ATI LPN
ATI PN Comprehensive Predictor 2020 Answers
1. A nurse is teaching a client who has ulcerative colitis about dietary recommendations. Which of the following instructions should the nurse include?
- A. Avoid high-fiber foods
- B. Increase intake of spicy foods
- C. Consume foods high in fiber
- D. Eat large, infrequent meals
Correct answer: C
Rationale: The correct answer is C: 'Consume foods high in fiber.' Consuming high-fiber foods helps manage symptoms of ulcerative colitis by promoting regular bowel movements. Choices A, B, and D are incorrect. Avoiding high-fiber foods can worsen symptoms as fiber is beneficial for digestive health. Increasing the intake of spicy foods can exacerbate inflammation in the digestive tract, leading to more discomfort. Eating large, infrequent meals can put more strain on the digestive system, which is not ideal for managing ulcerative colitis.
2. What is the priority nursing action for a dehydrated client who needs fluids?
- A. Administer antiemetics to prevent vomiting
- B. Monitor electrolyte levels frequently
- C. Administer oral rehydration solutions
- D. Insert an NG tube for fluid administration
Correct answer: B
Rationale: The correct answer is to monitor electrolyte levels frequently. When a client is dehydrated and needs fluids, it is essential to monitor electrolyte levels to prevent complications such as electrolyte imbalances. Administering antiemetics to prevent vomiting (Choice A) may be necessary but is not the priority when addressing dehydration. Administering oral rehydration solutions (Choice C) can be beneficial, but monitoring electrolyte levels takes precedence to ensure proper hydration. Inserting an NG tube for fluid administration (Choice D) is invasive and not typically the first-line approach for managing dehydration.

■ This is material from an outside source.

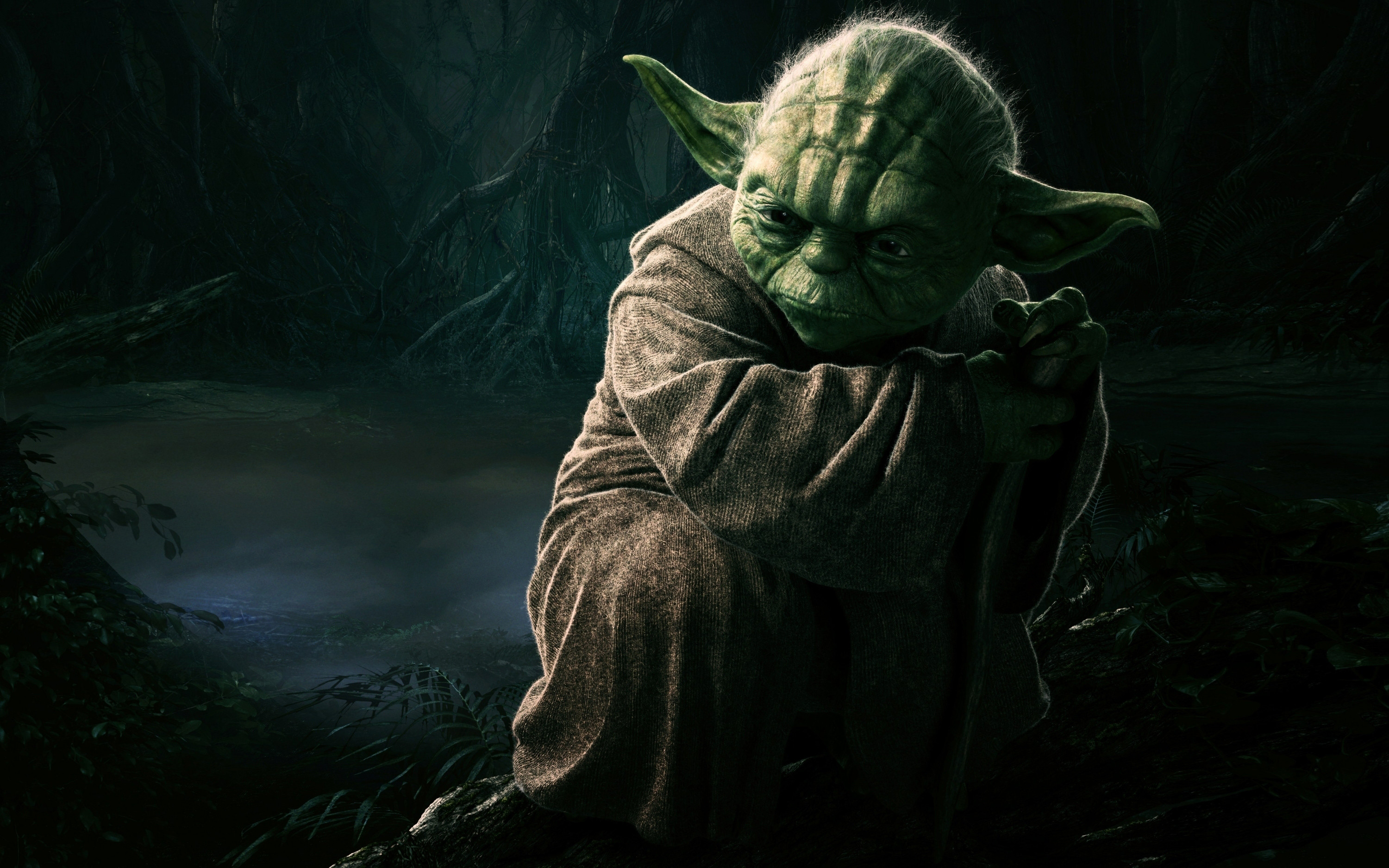 3000x1875 Jedi Master Yoda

3. How should a healthcare provider manage a patient with hyperkalemia?
- A. Administer insulin and glucose
- B. Restrict potassium intake
- C. Monitor ECG
- D. All of the above
Correct answer: D
Rationale: In managing hyperkalemia, it is essential to administer insulin and glucose to shift potassium into the cells, restrict potassium intake to prevent further elevation of serum levels, and monitor the ECG for signs of potassium-induced cardiac effects. Therefore, the correct answer is D, as all of the provided actions are important in the management of hyperkalemia. Choice A alone is not sufficient as it only addresses shifting potassium intracellularly without preventing further elevation. Choice B alone is not enough as it does not address the immediate need to lower serum potassium levels. Choice C alone is insufficient as it only monitors for cardiac effects without addressing potassium levels or shifting mechanisms.
4. What should a person recommend to a client experiencing constipation?
- A. Increase fluid intake to prevent further dehydration
- B. Increase dietary fiber to promote regular bowel movements
- C. Administer a laxative to relieve constipation
- D. Encourage bed rest to allow for bowel function to return
Correct answer: B
Rationale: Increasing dietary fiber is an effective recommendation for clients experiencing constipation as it helps promote regular bowel movements. Choice A, increasing fluid intake, is also important but the most appropriate initial recommendation for constipation is to increase dietary fiber. Choice C, administering a laxative, should not be the first-line recommendation and is typically considered after dietary and lifestyle interventions. Choice D, encouraging bed rest, does not directly address constipation relief or prevention.
5. What are the nursing interventions for a patient with a pressure ulcer?
- A. Clean the wound and apply a hydrocolloid dressing
- B. Provide a high-protein diet and ensure bed rest
- C. Monitor for signs of infection and provide antibiotics
- D. Provide a low-sodium diet and monitor for fluid retention
Correct answer: A
Rationale: The correct nursing intervention for a patient with a pressure ulcer is to clean the wound and apply a hydrocolloid dressing. This promotes healing by creating a moist environment conducive to the wound healing process. Choice B is incorrect because while nutrition is important for wound healing, a high-protein diet alone is not a specific intervention for a pressure ulcer. Choice C is incorrect as antibiotics are only used if there is an infection present. Choice D is also incorrect as a low-sodium diet and monitoring for fluid retention are more related to conditions like heart failure or kidney disease, not specifically pressure ulcer care.